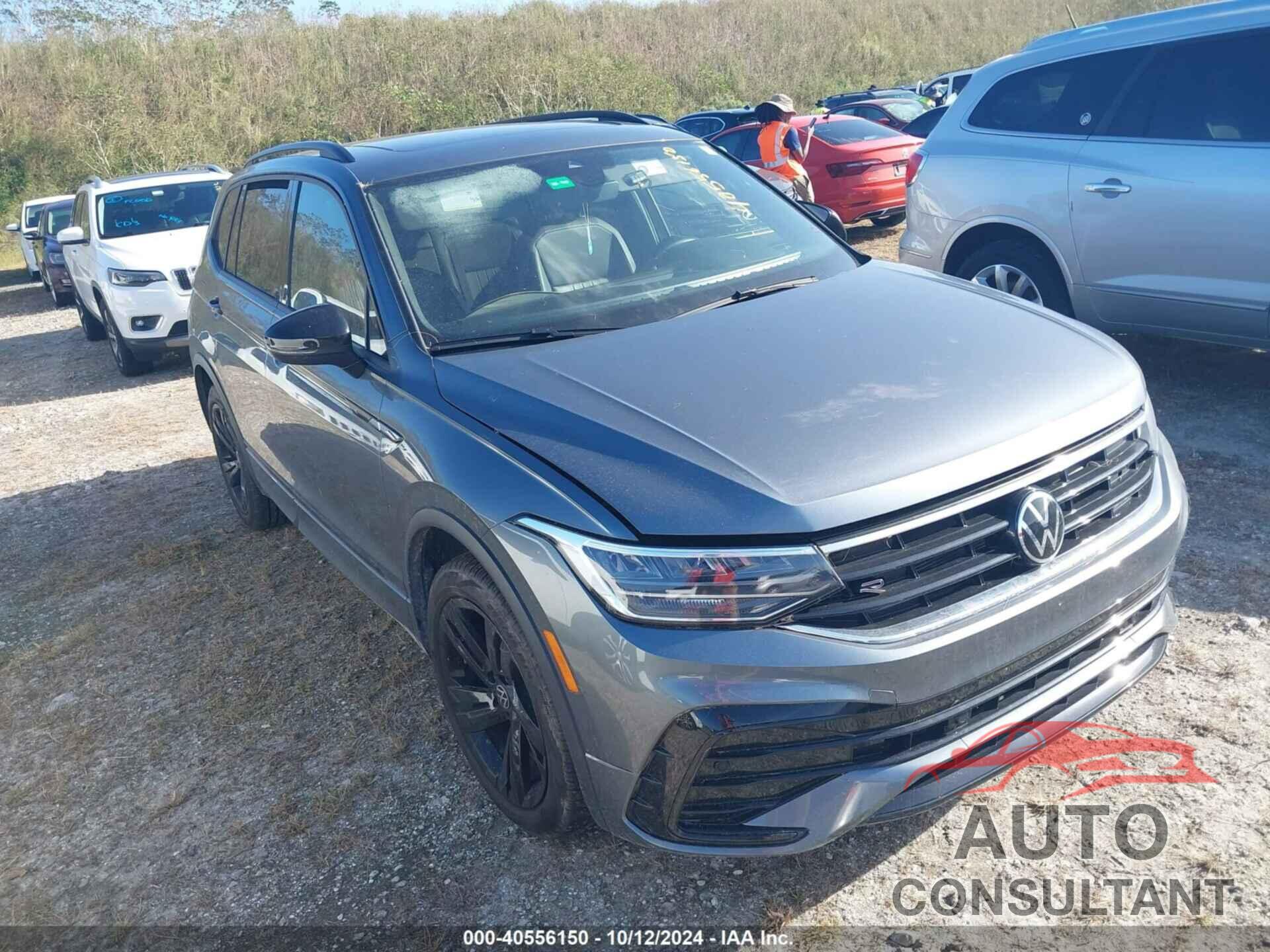 VOLKSWAGEN TIGUAN 2024 - 3VVCB7AX9RM050306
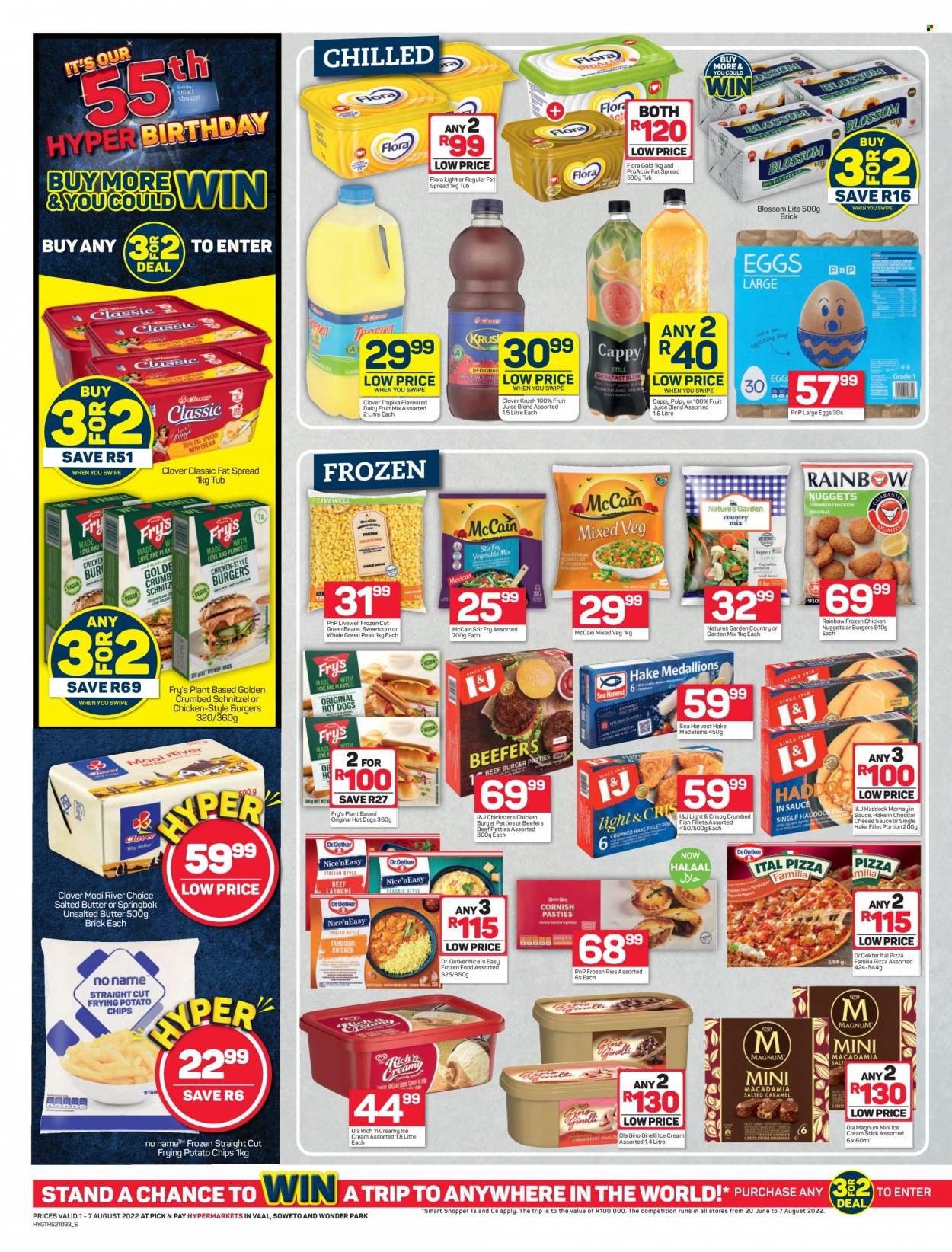 Pick n Pay Hypermarket specials - 01/08/2022 - 07/08/2022. Page 6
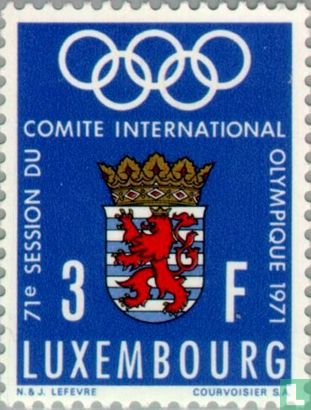 Comité international olympique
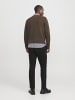 Jack & Jones Chino Hose in Black 1
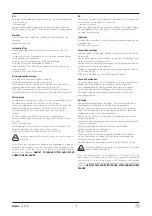 Preview for 2 page of Habitat 913470 Manual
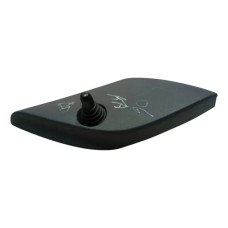 Moldura Interna Retrovisor Lado Direito Ford Ka 98kub23408 Preto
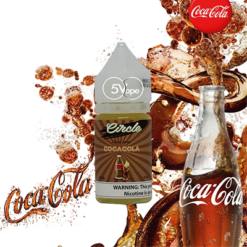 Circle Classic Series Salt Nic Coca Cola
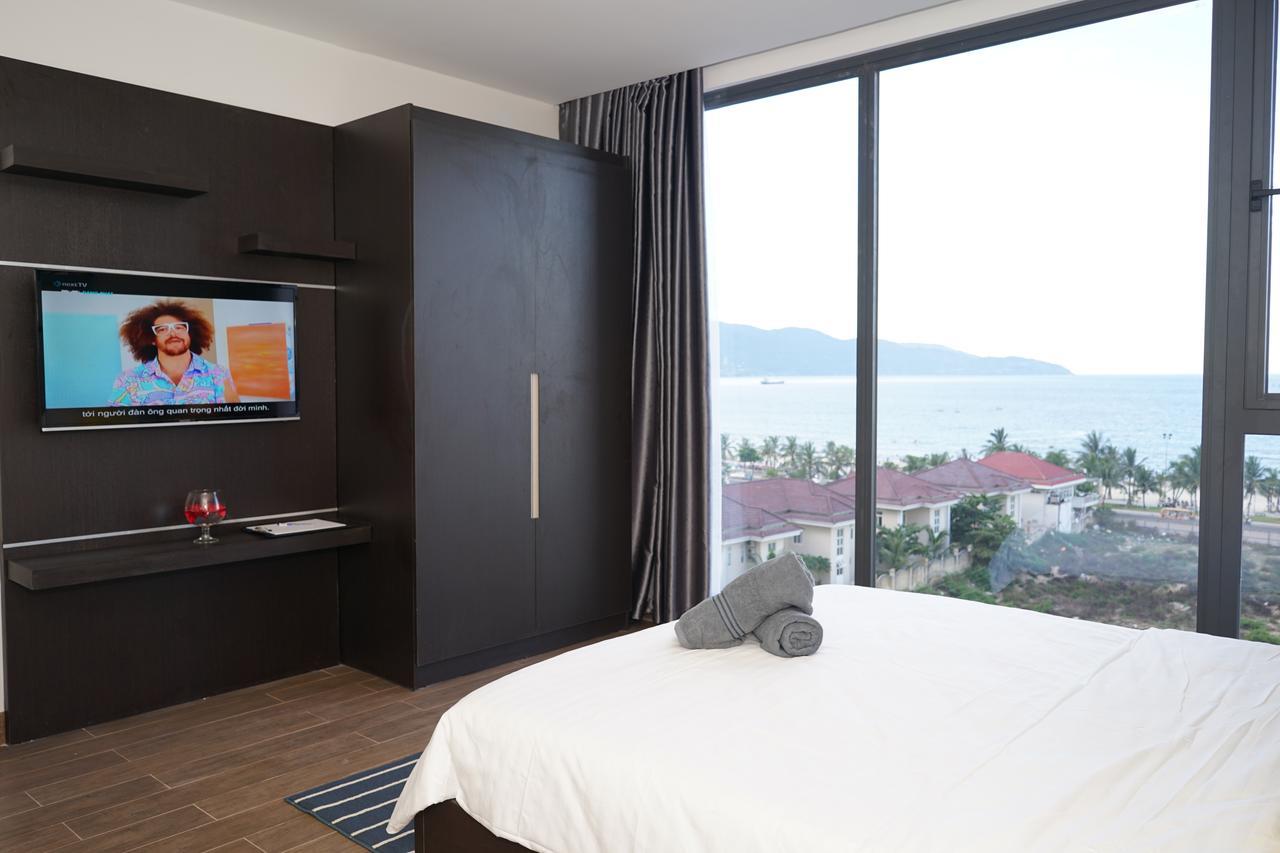 Lys Spa Hotel & Apartment Da Nang Luaran gambar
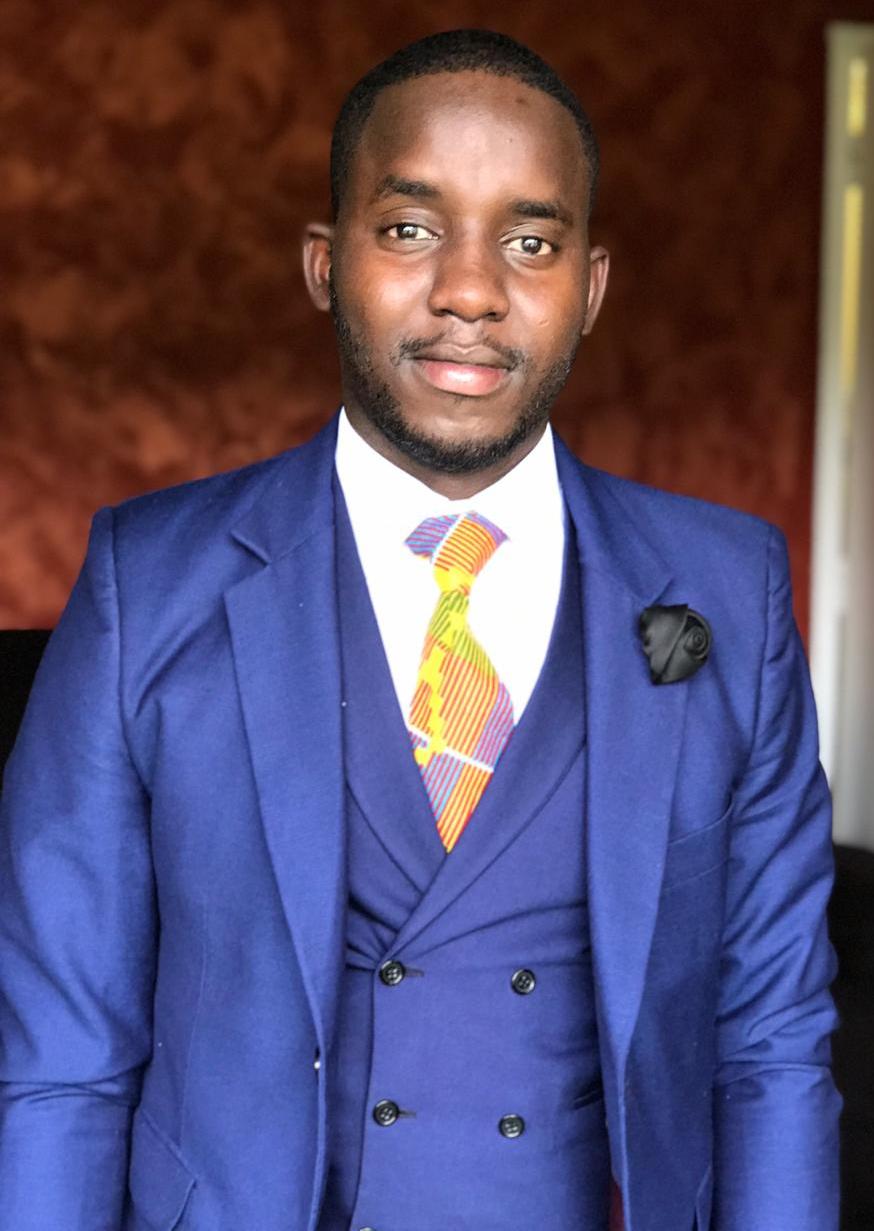 Brian Kithinji, Founder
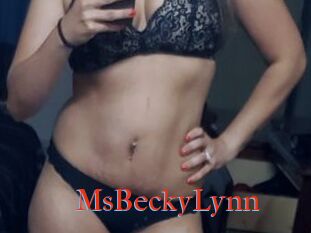 MsBeckyLynn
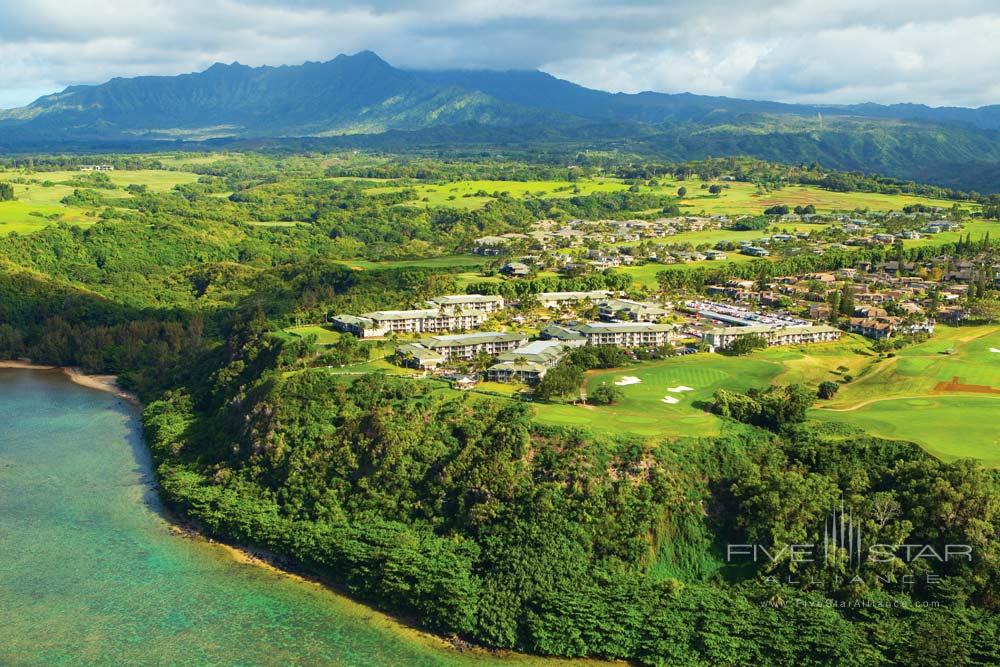 The Westin Princeville Ocean Resort Villas, HI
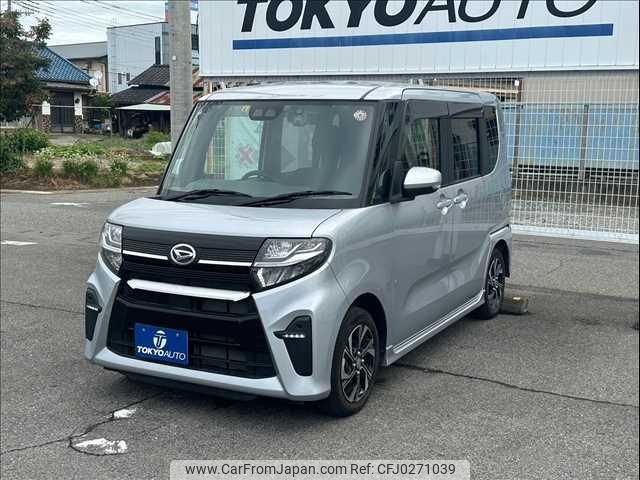 daihatsu tanto 2019 -DAIHATSU--Tanto LA650S--0027866---DAIHATSU--Tanto LA650S--0027866- image 1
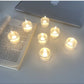 Flickering Flameless Candle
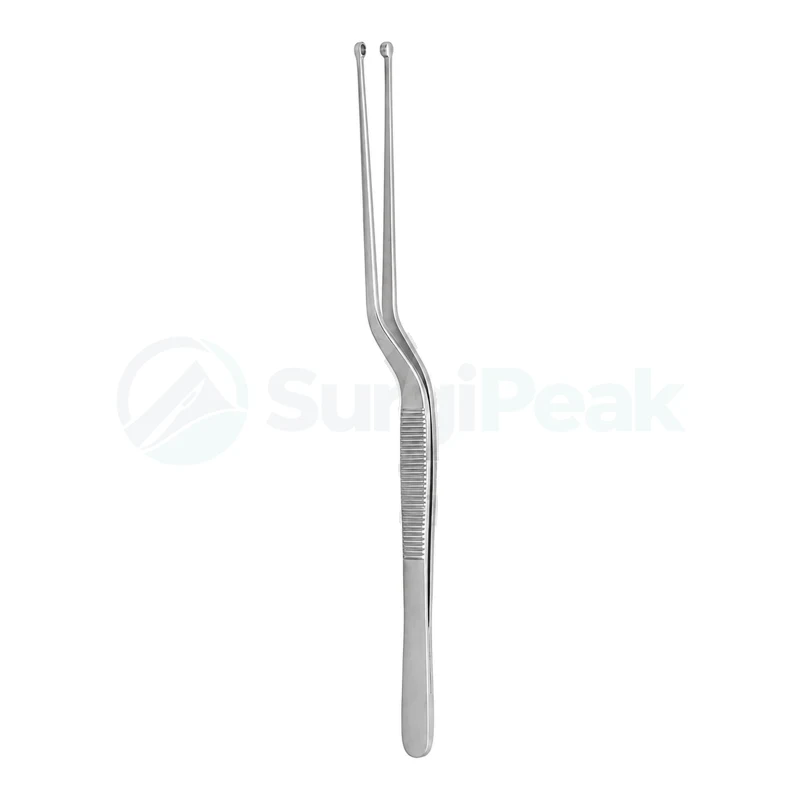 Malis Bayonet Cup Forceps 12 cm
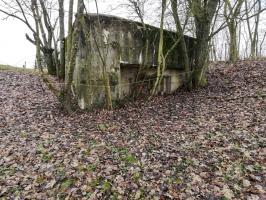 Ligne Maginot - DIGUE DE REMERING 5 - (Blockhaus pour canon) - 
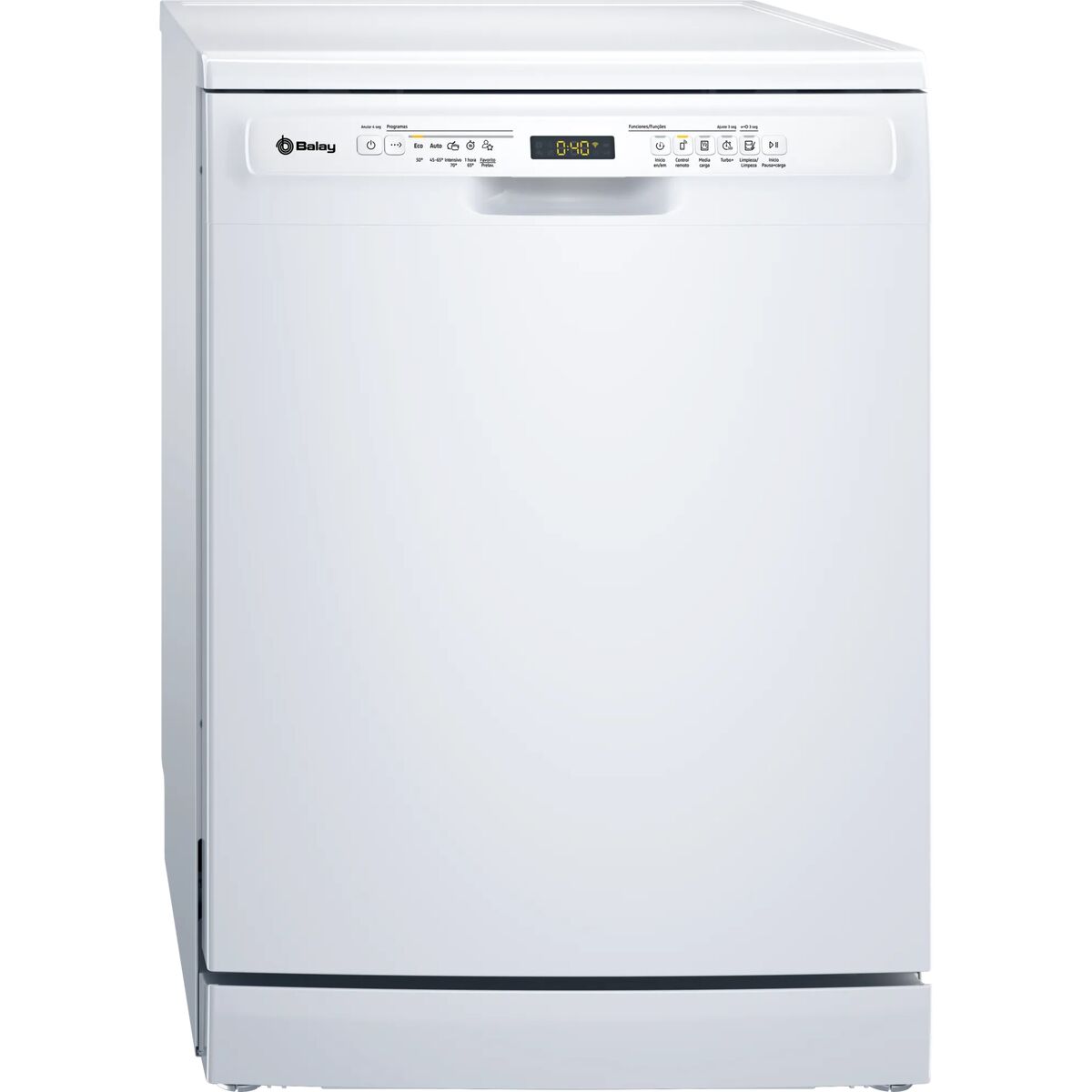 Diskmaskin Balay 3VS5331BP Vit 60 cm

+++

• [Brief] Begin with the line that contains "Flickering Flameless Candle" and copy every line through the end of the listing, exactly as written, both ends included. Pictures are not part of the copy.

• [Written answer]
 Flickering Flameless Candle
 Malis Bayonet Cup Forceps 12 cm
 Ligne Maginot - DIGUE DE REMERING 5 - (Blockhaus pour canon) - 
 Diskmaskin Balay 3VS5331BP Vit 60 cm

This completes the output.